• [YOUR OBJECTIVE]
Beginning at the line that contains "فيلة 3br W- Private Pool & Sun Loungers" and finishing at the line that contains "中国料理 桃園 - 小海老のマヨネーズソース(小盆)", output the data below exactly. Include both end lines and no pictures.

##### DATA SUPPLIED #####

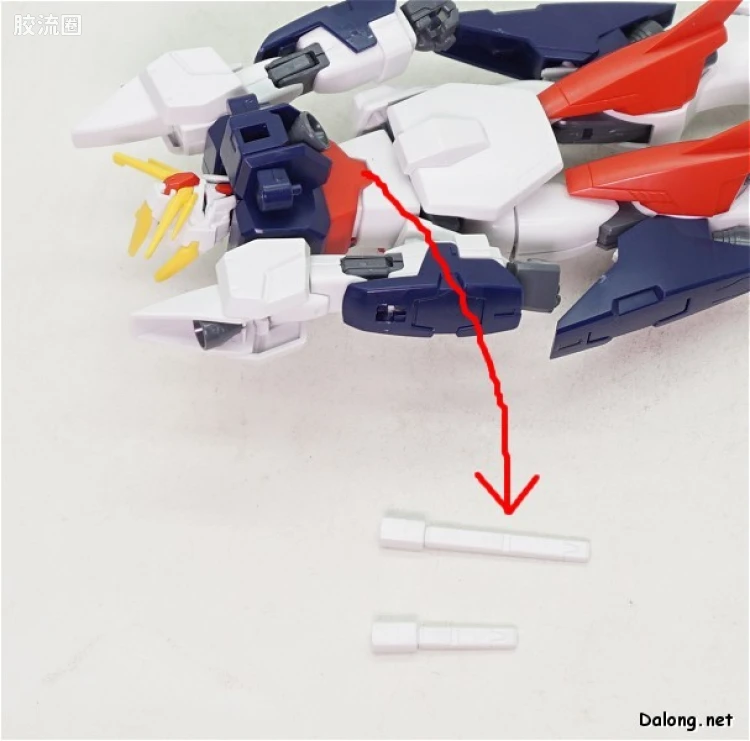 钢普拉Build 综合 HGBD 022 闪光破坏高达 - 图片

#####
##### DATA SUPPLIED #####

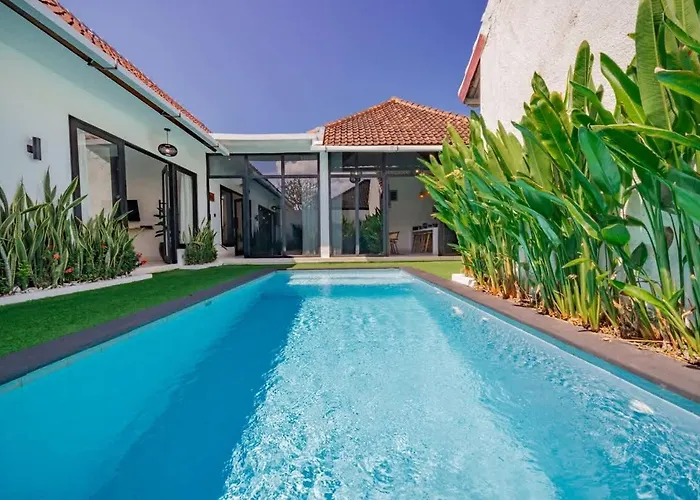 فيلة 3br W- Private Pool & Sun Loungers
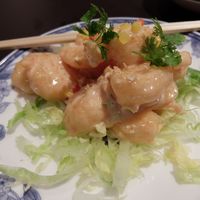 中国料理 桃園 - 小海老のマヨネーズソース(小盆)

#####

• [SOLUTION]
 فيلة 3br W- Private Pool & Sun Loungers
 中国料理 桃園 - 小海老のマヨネーズソース(小盆)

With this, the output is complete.